1
votes

In Random Forest method, for each tree we randomly select a set of variables (features) of fixed size. But once this set is frozen for that particular tree, does the tree behave like a regular decision tree algorithm?

I am assuming that random forest is nothing but generating a bunch of classical 'decision trees' and taking their votes towards the final classification. But in many places whatever description I have read seems to suggest that; for a given decision tree within the forest even at each node we randomly select variables. Is that the case?

Does it mean that at each node in the tree, we randomly select m variables from the variable set which is fixed for that tree? Or from the global variable set of the training dataset? And then from the selected set of variables we select 1 variable heuristically (e.g. whichever variable maximises information gain) -- is that a correct statement?

1

1 Answers

0
votes

"In Random Forest method, for each tree we randomly select a set of variables (features) of fixed size. But once this set is frozen for that particular tree, does the tree behave like a regular decision tree algorithm"

No

" I am assuming that random forest is nothing but generating a bunch of classical 'decision trees' and taking their votes towards the final classification.

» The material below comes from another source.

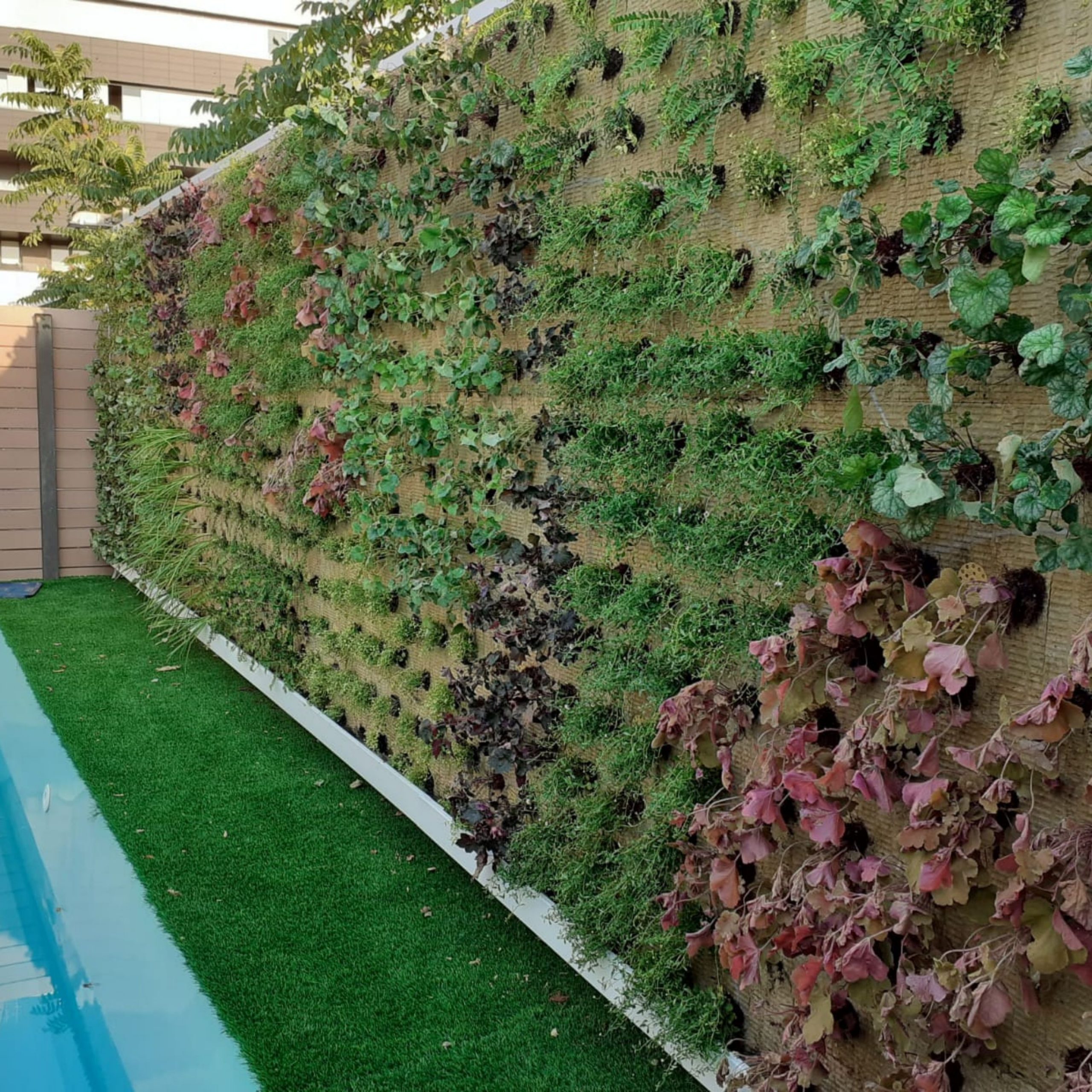 Jardines verticales ✓ Guía para descubrir los muros verdes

But in many places whatever description I have read seems to suggest that; for a given decision tree within the forest even at each node we randomly select variables. Is that the case?"

Yes

"Does it mean that at each node in the tree, we randomly select m variables from the variable set which is fixed for that tree?

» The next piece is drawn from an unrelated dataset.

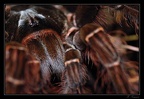 theraphosa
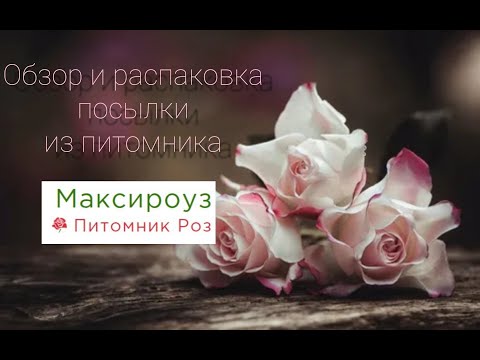 Видео: Обзор и распаковка посылки из питомника "Максироуз"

This is slightly confusing, is this assuming that there is another bigger subset reserved for that tree of which m can be picked ? If not this assumption, I think this is essentially asking if the tree is grown with the same set of randomly selected features for each node and the answer is NO.

In Random Forest, randomization of features takes place for each node. So if there are 100 predictors in total, for each node in a tree a subset of 10 (say) is chosen randomly and evaluated for best split. Note that the number of trees in each node is kept constant during the entire process of growing the tree.

Hope this helps.